Adolescence is a complex series of navigations, even in the easiest of circumstances. People start treating you differently because you look like an adult but you still feel like yourself, and then your hormones go crazy and you aren’t sure what you feel half the time. You have to redefine yourself constantly, in your family, in society, even in your own mind. For adolescents affected by war and displacement, a range of complex choices and definitions is added to this mixture. The Lost Boys of Sudan had to learn to cook and clean for themselves when they lived on their own, which was unheard of in their culture. Keto, in Lugufu camp, had to choose with whom he should go after his mother died, where he should stay, where his chances were best. He had to earn money to pay for secondary school, which he could just as easily not have done, sitting around in boredom like many young men or working and not returning to school like many others. For him, school was the option that would give him the most chance for survival.

I heard the phrase “Education is my mother and father” over and over throughout East Africa and have read it in several reports by other researchers. Keto’s regard for the future (he wanted to be a driver or a mechanic), his decision to value education as a goal worth striving for, kept him going in the present, just as Jeanine’s hope to go back to her parents’ farm kept her going. Their hopes might be unrealistic, even futile in the face of continuing wars and insecurity, but having those hopes for the future helps them to survive in the present.

It was the children I met who had hopes and plans who did not fall into the depression that life in the camp can bring. Claudia, the young Sudanese mother, had no hopes or plans. She did not play an active role in her survival, beyond passing the time with beadwork. She was waiting for someone else to help her, to rescue her and take her away from the suffering. She became depressed because her chances of being rescued were slim to none. She had fallen into a despair common to people stuck in refugee camps but truly terrible when it afflicts someone who is still young. Not all young people are capable of great acts of will, of harnessing their survival instincts into creative energy.

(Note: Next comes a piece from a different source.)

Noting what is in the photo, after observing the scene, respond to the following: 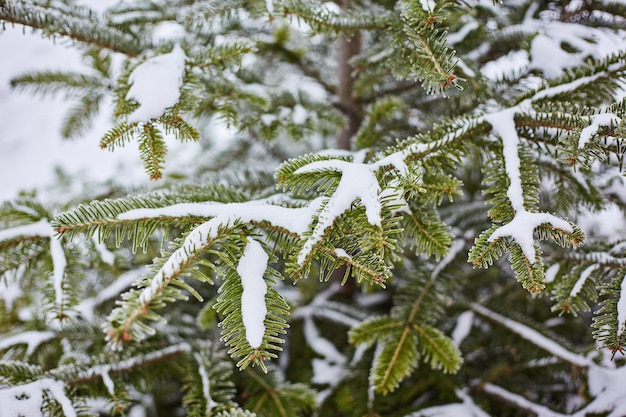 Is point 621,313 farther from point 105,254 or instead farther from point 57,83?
point 57,83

Lepaix, a gangly young teenager, told me he was five years old. My translator had trouble understanding him, told me that the boy was having trouble communicating. He looked closer to fifteen years old than to five.

“Do you remember when you got here?” I asked.

“Last year.”

“Do you remember how you got here?”

“There was a war.” He paused. He looked around. His head moved slowly, floating on his neck. He did not seem agitated, engaged in our conversation, or interested in being anywhere else. He seemed to be elsewhere already.

“And you came here because of the war?”

“I heard war, guns. I saw others running. I ran too.”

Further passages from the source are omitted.